Jamie Gates, a professor at Point Loma Nazarene University who researches sex trafficking, told Insider that data can be hard to find because victims aren't likely to come forward, and a lot of sex trafficking happens under the radar.
But, Gates said, QAnon theories claiming that hundreds of thousands of kids are being kidnapped and sex trafficked in the US each year just aren't true.
"Sex trafficking is real, it's hidden, and it's at a larger scale than what most people tend to think about," Gates said. "But it's not at the scale that's being exaggerated by the QAnon conspiracies."
If you want to help sex-trafficking victims, focus on safety nets
Albright told Insider that sex trafficking is often misrepresented in the public eye. She pointed toward a case earlier this month in which Georgia officials found 39 missing and vulnerable children, where multiple media sites described it as a "sex-trafficking ring." Officials told HuffPost they suspected 15 of the children were victims of trafficking.
Albright said the recent "Save the Children" marches largely supported by QAnon believers have helped advance misinformation about sex trafficking.
According to Vox, QAnon followers used a "save the children" hashtag this summer to make the group "more mainstream," and create a platform to spread its ideology more publicly.
Actually helping vulnerable children, Albright told Insider, would involve pushing for policies like better housing support, and improving child welfare.
"It distracts attention and resources from the actual problem," Albright said. "If you have everybody doing these marches with QAnon … that's really distracting from other critical things we can be doing to better support victims and potential victims, which is basically lobbying for better housing support, improving the child welfare system, and stuff like that."
According to the Department of Justice, child sex traffickers usually target vulnerable children by luring them in with "offer of food, clothes, attention, friendship, love, and a seemingly safe place to sleep."

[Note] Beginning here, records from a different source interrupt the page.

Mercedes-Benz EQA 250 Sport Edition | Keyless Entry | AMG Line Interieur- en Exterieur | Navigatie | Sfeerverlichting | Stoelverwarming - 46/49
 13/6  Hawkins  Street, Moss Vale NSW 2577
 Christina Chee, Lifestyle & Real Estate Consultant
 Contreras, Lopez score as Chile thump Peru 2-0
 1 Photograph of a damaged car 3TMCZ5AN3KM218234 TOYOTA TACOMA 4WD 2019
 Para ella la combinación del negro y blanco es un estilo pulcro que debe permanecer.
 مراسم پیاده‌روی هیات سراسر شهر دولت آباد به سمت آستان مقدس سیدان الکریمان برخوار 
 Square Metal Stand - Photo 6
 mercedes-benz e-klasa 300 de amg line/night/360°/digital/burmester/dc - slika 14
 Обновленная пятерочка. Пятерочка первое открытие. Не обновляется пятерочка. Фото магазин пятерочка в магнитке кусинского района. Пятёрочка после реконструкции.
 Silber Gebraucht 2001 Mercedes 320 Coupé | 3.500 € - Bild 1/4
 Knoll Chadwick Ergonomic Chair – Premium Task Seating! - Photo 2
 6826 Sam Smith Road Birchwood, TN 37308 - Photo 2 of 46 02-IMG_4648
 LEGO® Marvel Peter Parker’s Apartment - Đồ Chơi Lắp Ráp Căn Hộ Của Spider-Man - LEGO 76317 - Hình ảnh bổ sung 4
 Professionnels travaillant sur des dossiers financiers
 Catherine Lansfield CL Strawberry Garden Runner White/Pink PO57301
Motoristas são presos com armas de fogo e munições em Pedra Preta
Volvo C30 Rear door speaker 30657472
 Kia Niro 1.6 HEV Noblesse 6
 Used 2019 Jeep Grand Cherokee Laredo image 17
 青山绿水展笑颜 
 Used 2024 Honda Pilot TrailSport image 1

Most often, factors including recent relocation, substance use, mental health issues, involvement in child welfare, or being a runaway can put a child at risk of being trafficked, according to the anti-trafficking organization The Polaris Project.
After gaining the child's trust, the trafficker will "begin engaging the child in prostitution, and use physical, emotional, and psychological abuse to keep the child trapped in a life of prostitution," the Justice Department says.
Albright said people who are actually interested in helping stop sex trafficking should look at data on vulnerable communities in their area, and look at how they need help.
"We don't have good data. What you should look at instead is vulnerability data," she said. "You should look at how many runaway and homeless youth there are in your area, and what the population of migrant workers is. That sort of indicates where there could be a problem. Because if we really want to be effective, our goal would be prevention."